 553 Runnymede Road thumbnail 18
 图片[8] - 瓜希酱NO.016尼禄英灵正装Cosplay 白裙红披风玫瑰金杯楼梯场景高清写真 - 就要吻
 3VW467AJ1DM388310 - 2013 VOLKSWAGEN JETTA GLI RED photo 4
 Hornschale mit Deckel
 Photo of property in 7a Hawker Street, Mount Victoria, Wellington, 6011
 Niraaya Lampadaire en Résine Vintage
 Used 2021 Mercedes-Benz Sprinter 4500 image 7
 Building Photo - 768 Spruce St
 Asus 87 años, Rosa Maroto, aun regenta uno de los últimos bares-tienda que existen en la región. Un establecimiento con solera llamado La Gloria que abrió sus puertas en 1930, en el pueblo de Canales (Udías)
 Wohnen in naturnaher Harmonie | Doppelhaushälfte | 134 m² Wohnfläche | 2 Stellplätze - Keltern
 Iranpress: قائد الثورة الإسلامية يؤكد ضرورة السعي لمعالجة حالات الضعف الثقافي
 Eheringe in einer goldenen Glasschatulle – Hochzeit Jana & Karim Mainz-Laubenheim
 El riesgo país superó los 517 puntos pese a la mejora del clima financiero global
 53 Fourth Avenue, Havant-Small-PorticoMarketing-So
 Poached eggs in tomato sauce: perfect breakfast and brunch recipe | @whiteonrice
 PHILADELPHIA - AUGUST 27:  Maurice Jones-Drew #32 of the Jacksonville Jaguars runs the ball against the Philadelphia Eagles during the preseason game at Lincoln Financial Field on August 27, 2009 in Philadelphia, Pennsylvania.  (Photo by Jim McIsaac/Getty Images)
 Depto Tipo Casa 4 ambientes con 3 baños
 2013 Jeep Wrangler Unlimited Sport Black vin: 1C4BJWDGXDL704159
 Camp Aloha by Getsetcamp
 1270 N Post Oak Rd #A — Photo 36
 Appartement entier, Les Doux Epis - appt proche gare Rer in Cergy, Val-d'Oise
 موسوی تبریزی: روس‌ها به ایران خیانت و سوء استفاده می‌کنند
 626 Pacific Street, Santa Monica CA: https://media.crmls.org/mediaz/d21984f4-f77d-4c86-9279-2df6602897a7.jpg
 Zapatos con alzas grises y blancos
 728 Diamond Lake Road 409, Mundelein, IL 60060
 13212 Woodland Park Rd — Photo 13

• • • •

**WHAT THE TASK REQUIRES:** Where does the word "Street" appear in the listing above? Copy every line that holds it.

**EXERCISE SOLUTION:**
 Photo of property in 7a Hawker Street, Mount Victoria, Wellington, 6011
 626 Pacific Street, Santa Monica CA: https://media.crmls.org/mediaz/d21984f4-f77d-4c86-9279-2df6602897a7.jpg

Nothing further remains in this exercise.